### Exercise description
Within the material below, transcribe exactly the lines from the one holding "Elevenate Elevenate Men's" through the one holding "Nešiojamas kompiuteris Asus", keeping both ends and skipping the rest.

### Input
§ §
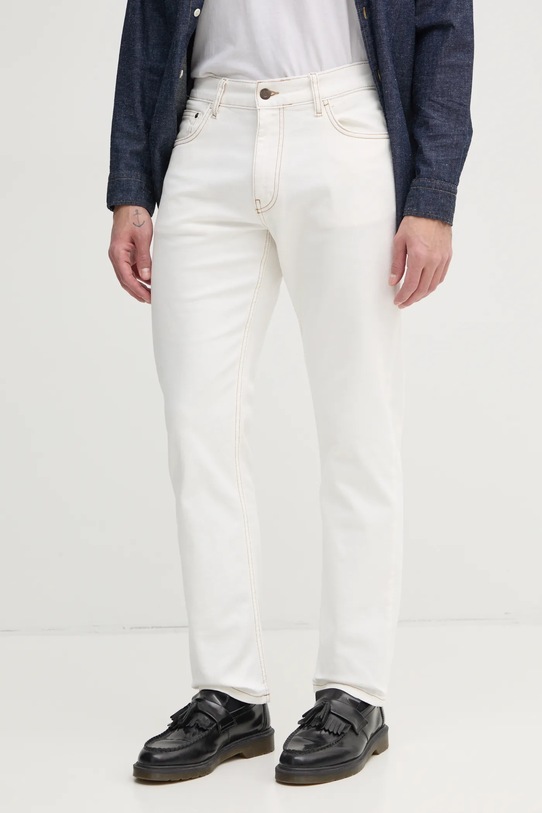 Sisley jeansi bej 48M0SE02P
§ §
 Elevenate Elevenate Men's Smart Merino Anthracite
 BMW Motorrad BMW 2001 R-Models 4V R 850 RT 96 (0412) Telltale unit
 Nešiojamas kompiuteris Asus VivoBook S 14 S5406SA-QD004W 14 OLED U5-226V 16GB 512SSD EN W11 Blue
§ §
### Solved problem
 Elevenate Elevenate Men's Smart Merino Anthracite
 BMW Motorrad BMW 2001 R-Models 4V R 850 RT 96 (0412) Telltale unit
 Nešiojamas kompiuteris Asus VivoBook S 14 S5406SA-QD004W 14 OLED U5-226V 16GB 512SSD EN W11 Blue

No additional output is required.